• _Task to complete_: Look below for the line containing "веселое я не"; from there through the line containing "Nước Hoa Nữ Lavila Queen Eau De Parfum 15ml", both lines included, please set down each line exactly and nothing else.
═════ Material for this task ═════
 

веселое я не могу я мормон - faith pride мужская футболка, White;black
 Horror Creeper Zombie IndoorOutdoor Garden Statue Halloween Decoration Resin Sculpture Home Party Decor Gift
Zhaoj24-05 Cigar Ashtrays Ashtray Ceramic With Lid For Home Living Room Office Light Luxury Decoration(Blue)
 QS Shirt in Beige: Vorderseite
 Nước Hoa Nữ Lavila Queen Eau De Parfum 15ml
═════
═════ Material for this task ═════
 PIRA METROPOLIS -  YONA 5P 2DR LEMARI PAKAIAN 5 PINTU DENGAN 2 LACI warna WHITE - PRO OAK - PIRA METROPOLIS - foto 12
═════
═════ Material for this task ═════
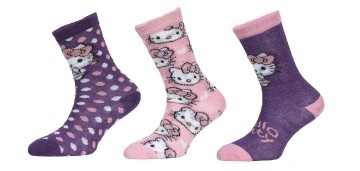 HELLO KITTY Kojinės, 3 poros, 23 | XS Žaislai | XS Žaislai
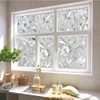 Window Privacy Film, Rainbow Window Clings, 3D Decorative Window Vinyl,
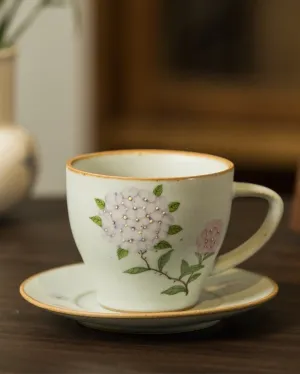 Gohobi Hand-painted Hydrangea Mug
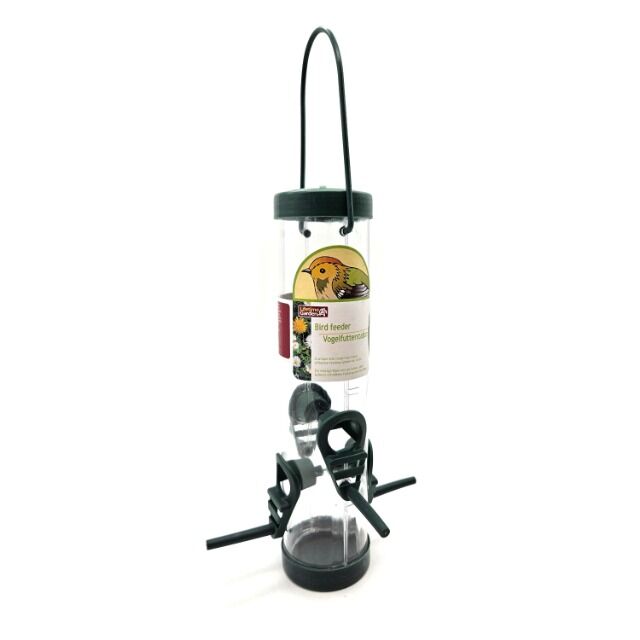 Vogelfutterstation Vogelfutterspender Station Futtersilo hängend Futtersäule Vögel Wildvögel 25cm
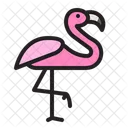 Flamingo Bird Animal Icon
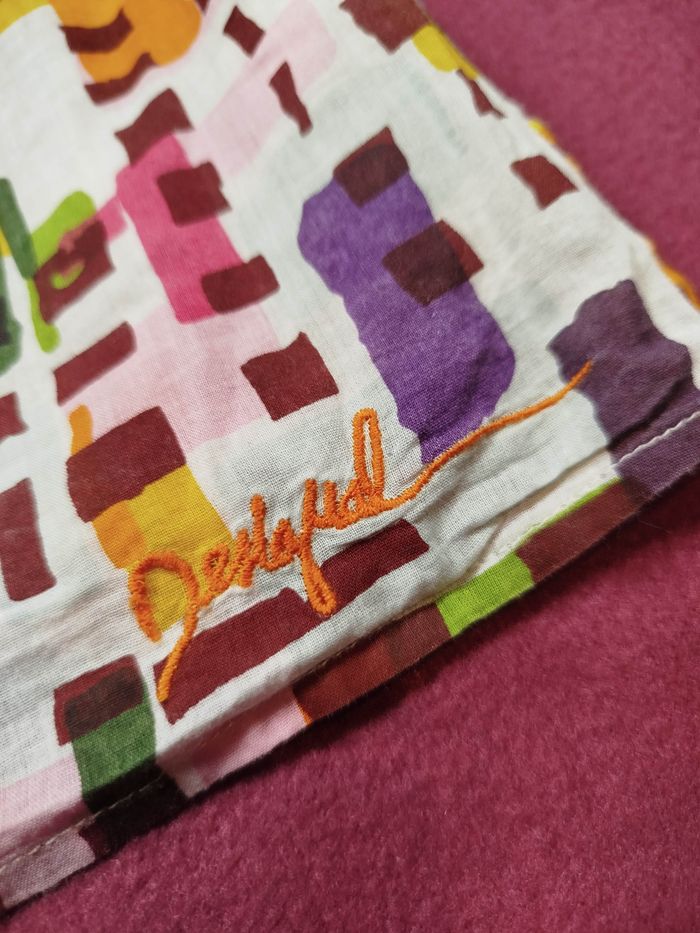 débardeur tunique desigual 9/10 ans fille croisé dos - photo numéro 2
═════
• _Answer section_:
веселое я не могу я мормон - faith pride мужская футболка, White;black
 Horror Creeper Zombie IndoorOutdoor Garden Statue Halloween Decoration Resin Sculpture Home Party Decor Gift
Zhaoj24-05 Cigar Ashtrays Ashtray Ceramic With Lid For Home Living Room Office Light Luxury Decoration(Blue)
 QS Shirt in Beige: Vorderseite
 Nước Hoa Nữ Lavila Queen Eau De Parfum 15ml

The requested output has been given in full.